Introduction

Gas metal arc welding (GMAW) is an advanced manufacturing technology in which metals are joined by high-temperature heating, and has many advantages, such as low cost, and high deposition efficiency (Ref 1). However, when process parameter mismatching or weld distortion occurs, the arc stabilty and thereby weld seam width and depth will change (Ref 2, 3). Unstable arc will result in defect of weld quality, such as porosity, burn-through and undercut. Therefore, it is of great significance to monitor the welding by the arc signal (Ref 4, 5). Adolfsson et al. extracted the repeated sequential probability ratio of voltage signal to evaluate welding stability (Ref 6). Wei et al. used the probability density distribution of current signal combined with linear discriminant analysis to classify porosity defects (Ref 7). Wang et al. extracted the low frequency feature of voltage signal to predict the penetration of weld seam (Ref 8). Pal et al. extracted the root mean square of current signal combined with a radial basis function network to predict weld distortion (Ref 9, 10). He et al. applied local mean decomposition to extract the time-frequency features of current signal, and combined with support vector machine to classify weld defects (Ref 11). However, since statistical analysis and time-frequency analysis cannot describe the inherent correlation and complexity of signal, fully depicting the relationship between electrical signal and welding is difficult.

Recently, the chaos and fractal have been applied to depict the inherent correlation and complexity of signal. Lv et al. systematically proved that the droplet behavior is chaotic and fractal, and extracted the correlation dimension, Lyapunov exponent and approximate entropy of current signal to classify the weld quality (Ref 12).
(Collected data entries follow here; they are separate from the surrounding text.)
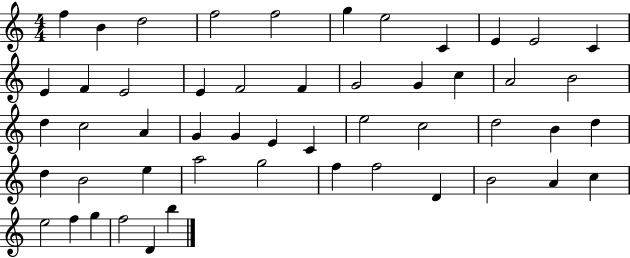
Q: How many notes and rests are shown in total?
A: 51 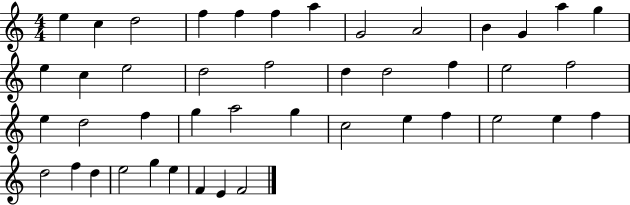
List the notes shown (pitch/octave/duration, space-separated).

E5/q C5/q D5/h F5/q F5/q F5/q A5/q G4/h A4/h B4/q G4/q A5/q G5/q E5/q C5/q E5/h D5/h F5/h D5/q D5/h F5/q E5/h F5/h E5/q D5/h F5/q G5/q A5/h G5/q C5/h E5/q F5/q E5/h E5/q F5/q D5/h F5/q D5/q E5/h G5/q E5/q F4/q E4/q F4/h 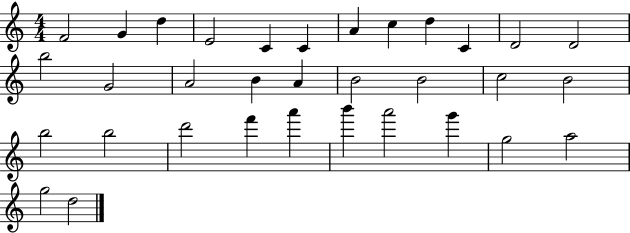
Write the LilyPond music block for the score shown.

{
  \clef treble
  \numericTimeSignature
  \time 4/4
  \key c \major
  f'2 g'4 d''4 | e'2 c'4 c'4 | a'4 c''4 d''4 c'4 | d'2 d'2 | \break b''2 g'2 | a'2 b'4 a'4 | b'2 b'2 | c''2 b'2 | \break b''2 b''2 | d'''2 f'''4 a'''4 | b'''4 a'''2 g'''4 | g''2 a''2 | \break g''2 d''2 | \bar "|."
} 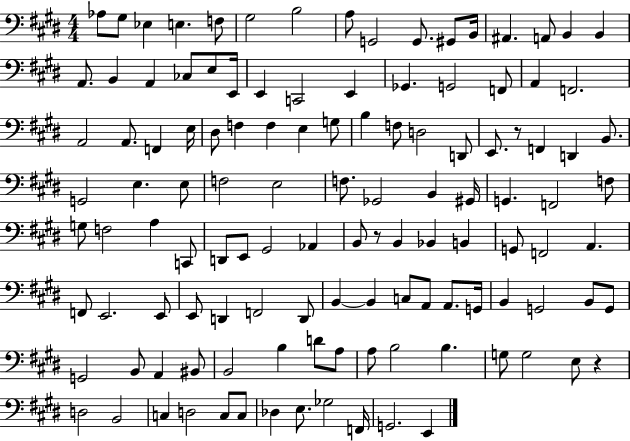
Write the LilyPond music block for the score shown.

{
  \clef bass
  \numericTimeSignature
  \time 4/4
  \key e \major
  aes8 gis8 ees4 e4. f8 | gis2 b2 | a8 g,2 g,8. gis,8 b,16 | ais,4. a,8 b,4 b,4 | \break a,8. b,4 a,4 ces8 e8 e,16 | e,4 c,2 e,4 | ges,4. g,2 f,8 | a,4 f,2. | \break a,2 a,8. f,4 e16 | dis8 f4 f4 e4 g8 | b4 f8 d2 d,8 | e,8. r8 f,4 d,4 b,8. | \break g,2 e4. e8 | f2 e2 | f8. ges,2 b,4 gis,16 | g,4. f,2 f8 | \break g8 f2 a4 c,8 | d,8 e,8 gis,2 aes,4 | b,8 r8 b,4 bes,4 b,4 | g,8 f,2 a,4. | \break f,8 e,2. e,8 | e,8 d,4 f,2 d,8 | b,4~~ b,4 c8 a,8 a,8. g,16 | b,4 g,2 b,8 g,8 | \break g,2 b,8 a,4 bis,8 | b,2 b4 d'8 a8 | a8 b2 b4. | g8 g2 e8 r4 | \break d2 b,2 | c4 d2 c8 c8 | des4 e8. ges2 f,16 | g,2. e,4 | \break \bar "|."
} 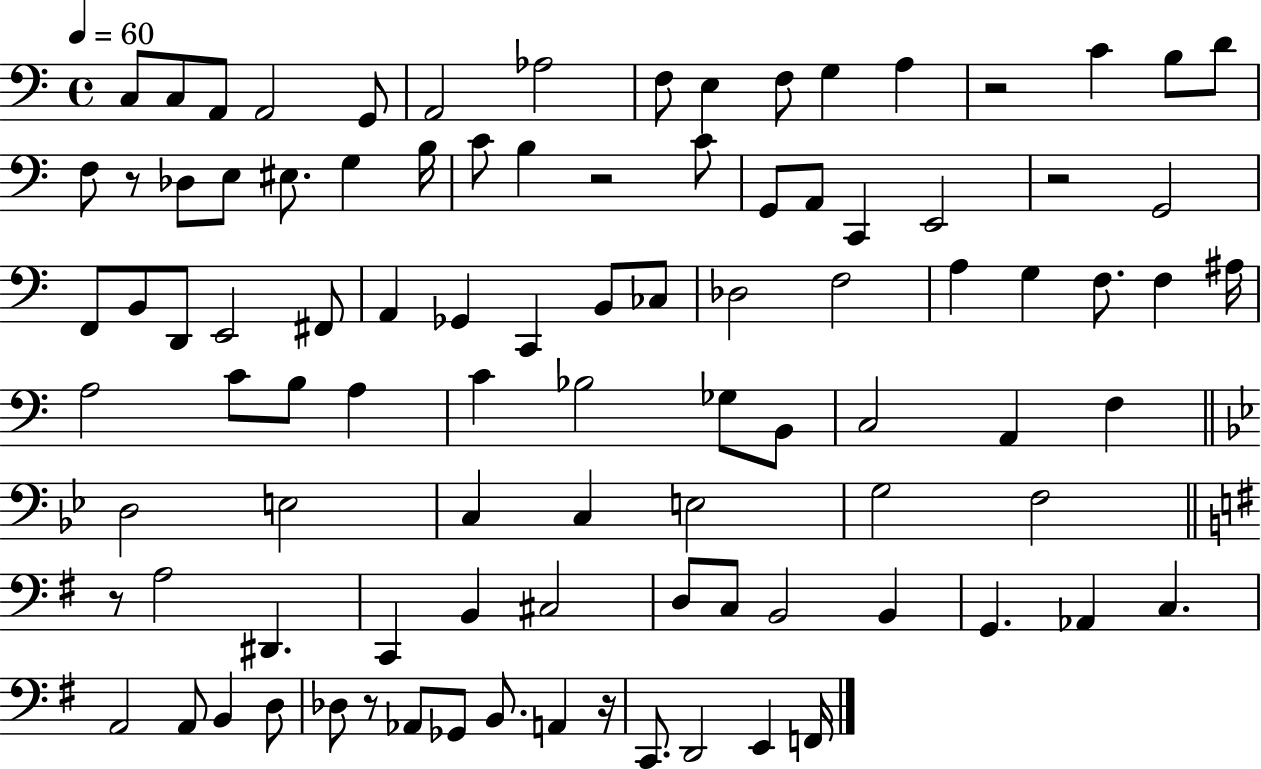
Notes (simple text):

C3/e C3/e A2/e A2/h G2/e A2/h Ab3/h F3/e E3/q F3/e G3/q A3/q R/h C4/q B3/e D4/e F3/e R/e Db3/e E3/e EIS3/e. G3/q B3/s C4/e B3/q R/h C4/e G2/e A2/e C2/q E2/h R/h G2/h F2/e B2/e D2/e E2/h F#2/e A2/q Gb2/q C2/q B2/e CES3/e Db3/h F3/h A3/q G3/q F3/e. F3/q A#3/s A3/h C4/e B3/e A3/q C4/q Bb3/h Gb3/e B2/e C3/h A2/q F3/q D3/h E3/h C3/q C3/q E3/h G3/h F3/h R/e A3/h D#2/q. C2/q B2/q C#3/h D3/e C3/e B2/h B2/q G2/q. Ab2/q C3/q. A2/h A2/e B2/q D3/e Db3/e R/e Ab2/e Gb2/e B2/e. A2/q R/s C2/e. D2/h E2/q F2/s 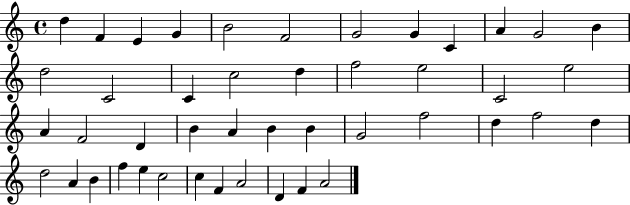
D5/q F4/q E4/q G4/q B4/h F4/h G4/h G4/q C4/q A4/q G4/h B4/q D5/h C4/h C4/q C5/h D5/q F5/h E5/h C4/h E5/h A4/q F4/h D4/q B4/q A4/q B4/q B4/q G4/h F5/h D5/q F5/h D5/q D5/h A4/q B4/q F5/q E5/q C5/h C5/q F4/q A4/h D4/q F4/q A4/h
He et al. applied the largest Lyapunov exponent of current signal to quantify welding stability (Ref 13). Yao et al. extracted the sample entropy of current signal for pulse GMAW to quantify welding stability (Ref 14). Nevertheless, it is significant to further study the chaotic and fractal characteristics for diagnosis of weld quality.

In terms of chaos and fractal, long-range correlation is important for understanding the self-similarity of fractal. To depict the long-range correlation of non-stationary time series, Peng et al. proposed detrended fluctuation analysis (DFA) (Ref 15). DFA can effectively eliminate the false long-range correlation caused by the non-stationary factor, so as to truly reveal the long-range correlation of complex systems (Ref 16, 17). Generally, the long-range correlation of time series is described by a single scale exponent \(\alpha\). The \(\alpha\) of DFA is estimated as the overall slope of a fluctuation function \(\mathrm{lg}(F\left(s\right))\) and different scales \(\mathrm{lg}(s)\). However, a single scale exponent cannot fully describe the characteristics of non-stationary time series in many practical applications. A two-coefficient model was proposed, which involves a short-term exponent α1 and a long-term exponent α2 (Ref 18). Moura et al. carried out DFA of vibration signals to classify the imbalance level of wind turbines (Ref 19). Lin et al. extracted the feature of the crossover of DFA in rotary machinery, and identified fault diagnosis (Ref 20).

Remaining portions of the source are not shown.